How can SMEs make AI adoption stick?

Adoption works best when it becomes part of everyday practice. Small, focused projects that solve visible problems create momentum and confidence. Sharing lessons across teams helps everyone learn faster, while a steady approach to change turns short-term pilots into long-term progress.

What does successful AI adoption look like?

Success shows up in small but consistent improvements. Workflows run more smoothly, reports take less time, and data remains accurate. People notice that the tools support them rather than slow them down. Over time, these quiet wins add up to lasting change.

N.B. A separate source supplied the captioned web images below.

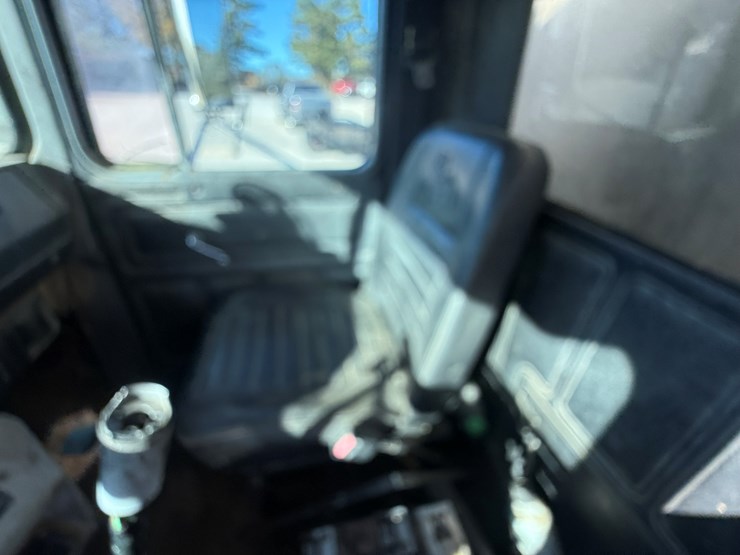 mack-r686st-image-106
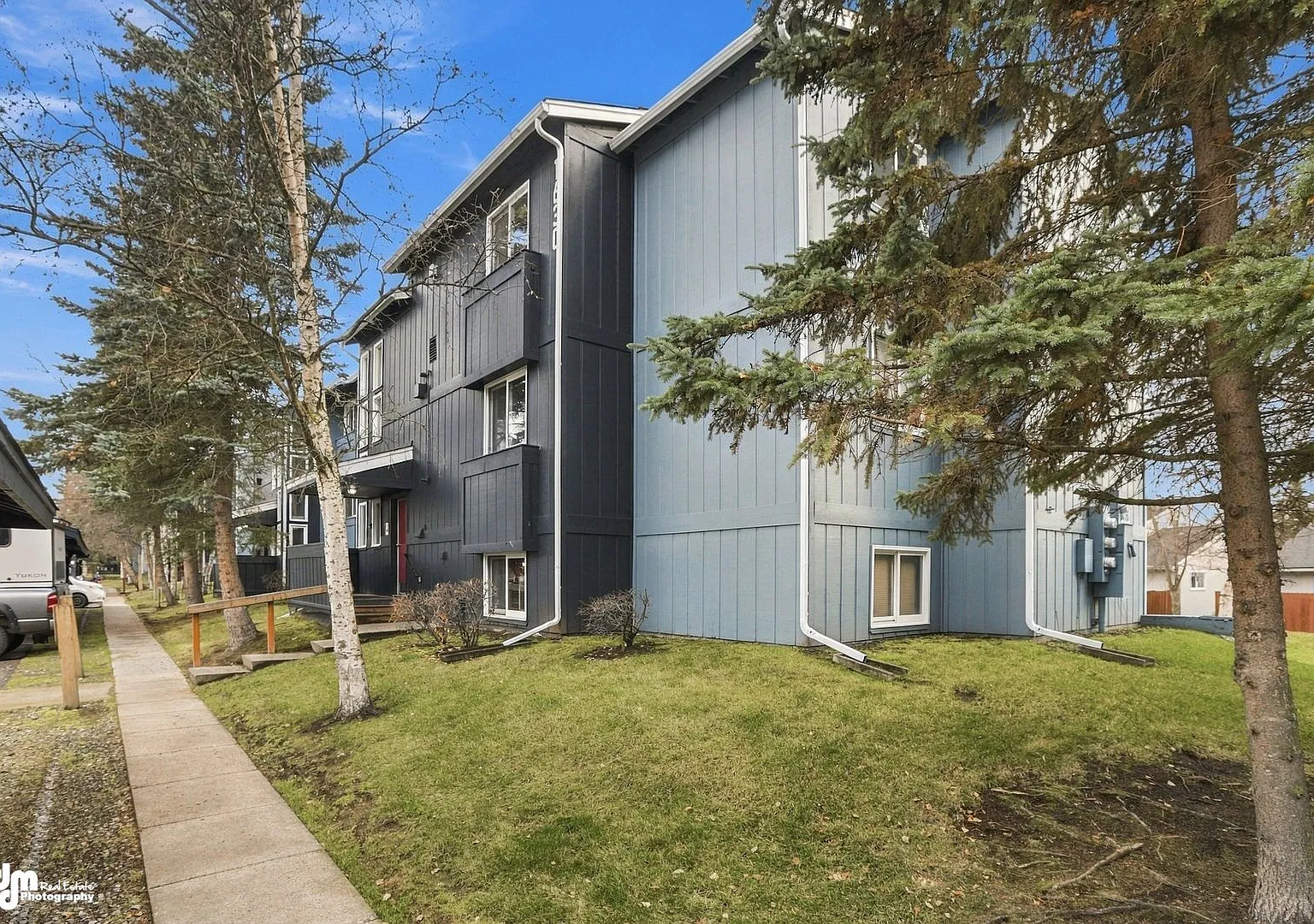 2 Bed, 1 Bath Condo — Photo 1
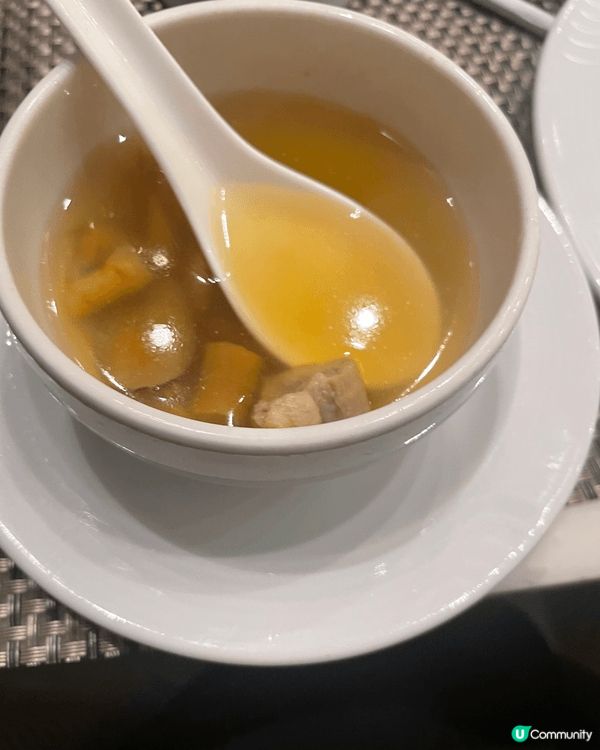 上星期去了荃灣如心酒店食自助餐，當日吃了乳豬，多種燒物例如燒...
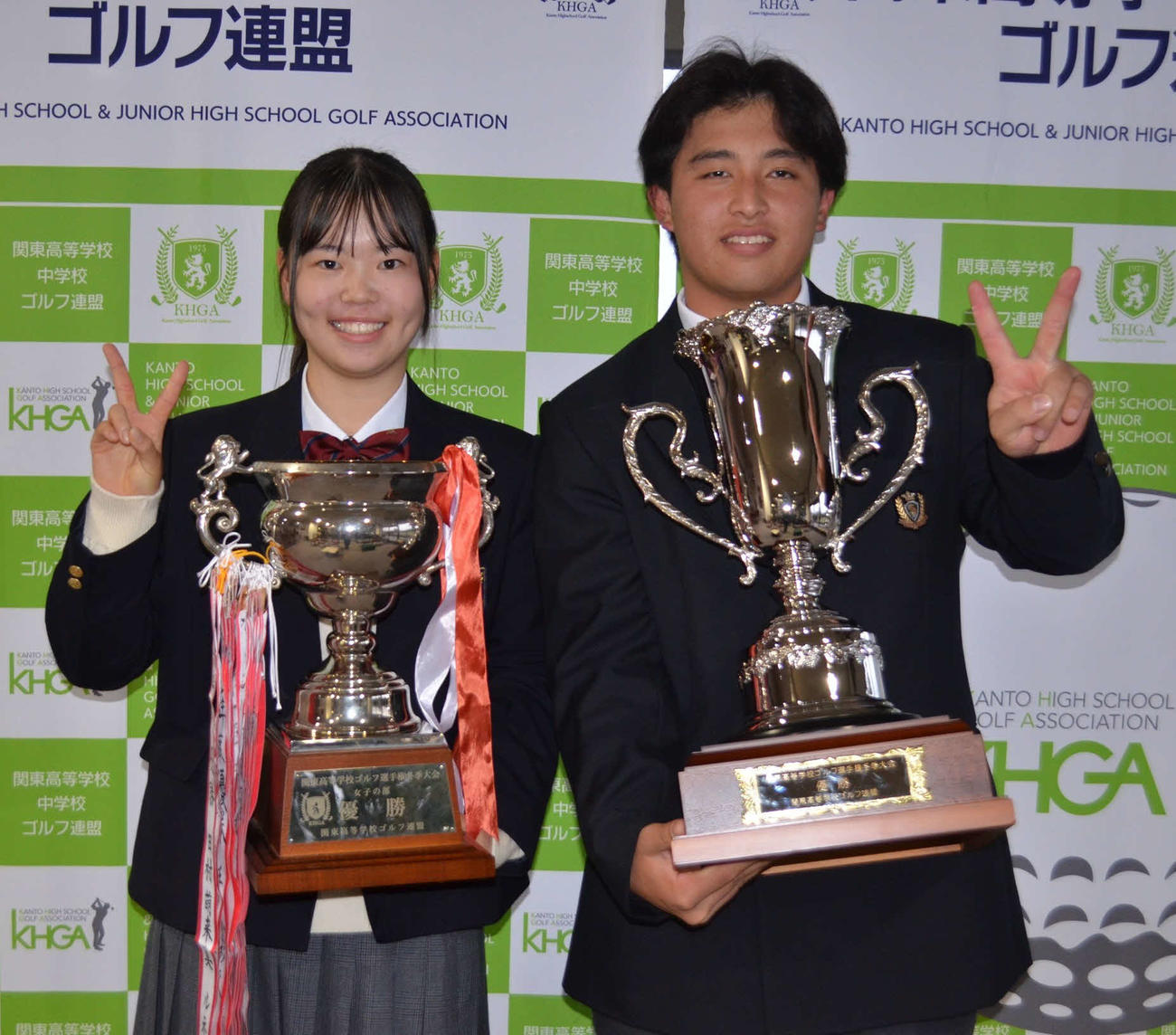 優勝してVサインを見せる女子の臼田藍（左）と男子の沖田雫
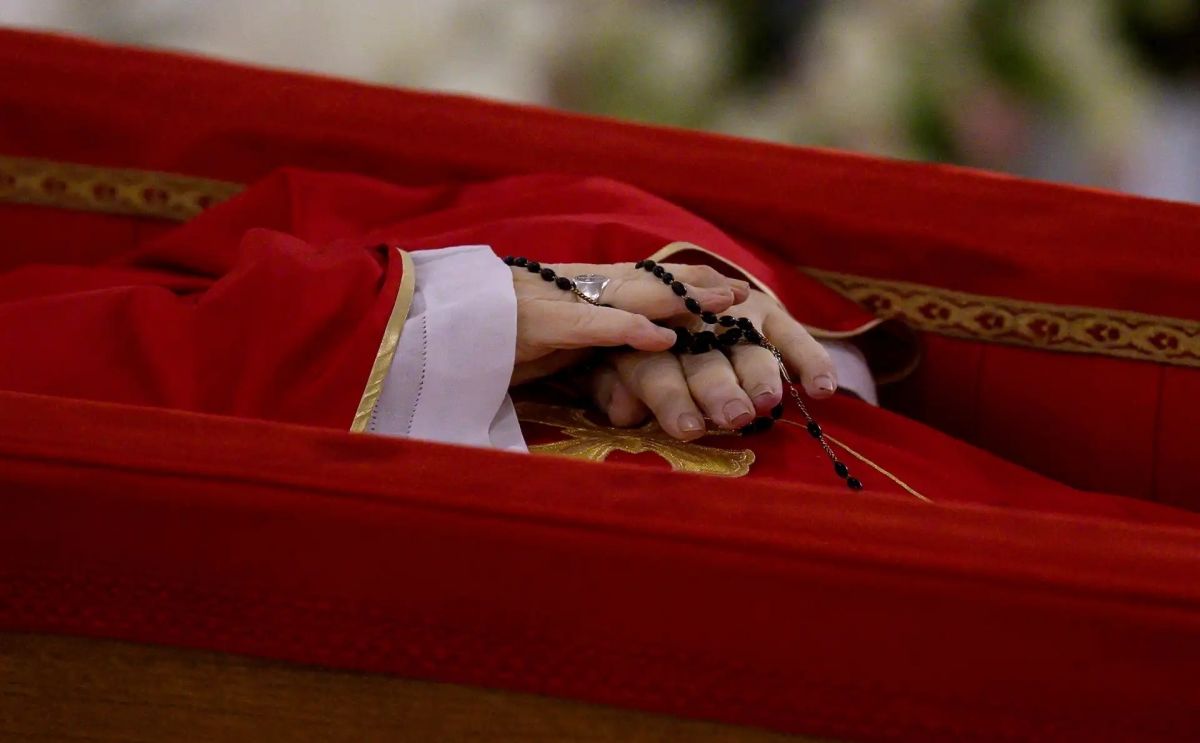 Vaticano divulga detalhes do funeral do Papa e imagens do caixão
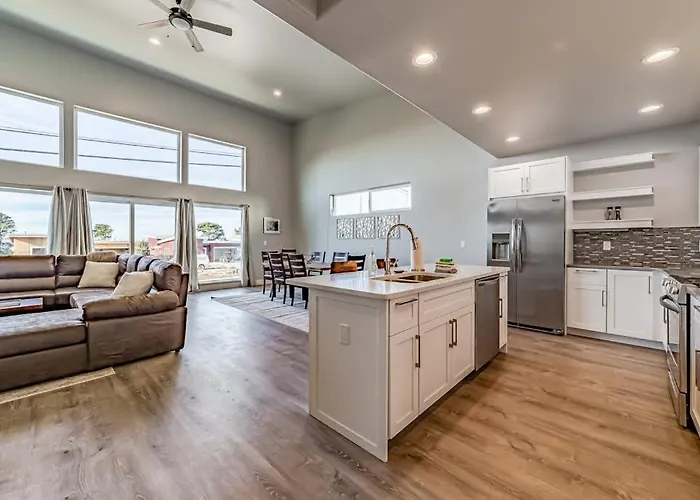 Luxe & Modern Getaway Near Otter Point With Ocean Views Central Ac & Wifi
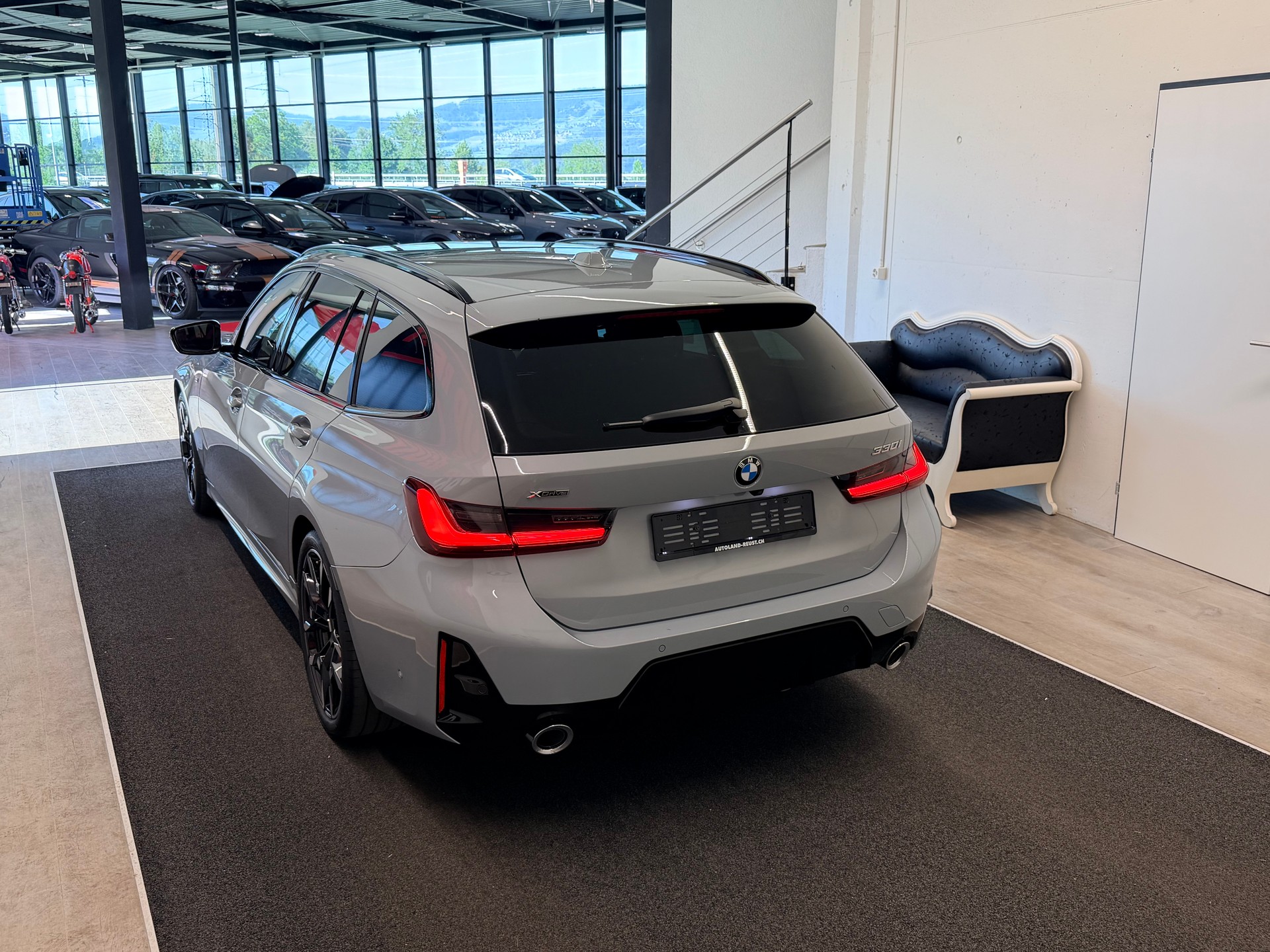 BMW 330i Touring xDrive Steptronic M Sport Pro-image-8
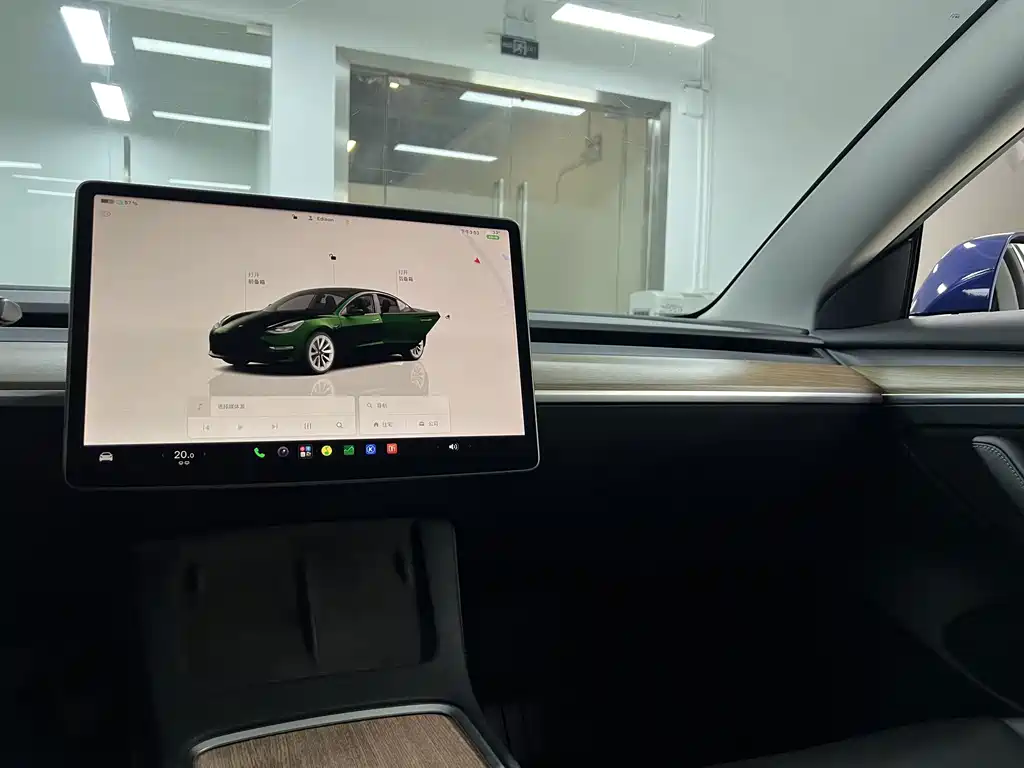 Tesla Model 3 — фото 18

How do you measure success?

Measure what makes a difference to your team: track time saved, quality improvements, faster responses, or clearer decisions. Good measurement focuses on outcomes that make work easier and more effective, not just the volume of output.

When is a business ready to scale AI?

Scaling works when teams understand the value AI adds and can repeat it with confidence. A business is ready when results are visible, responsibilities are clear, and people feel comfortable improving the process together. That steady confidence is the signal to grow.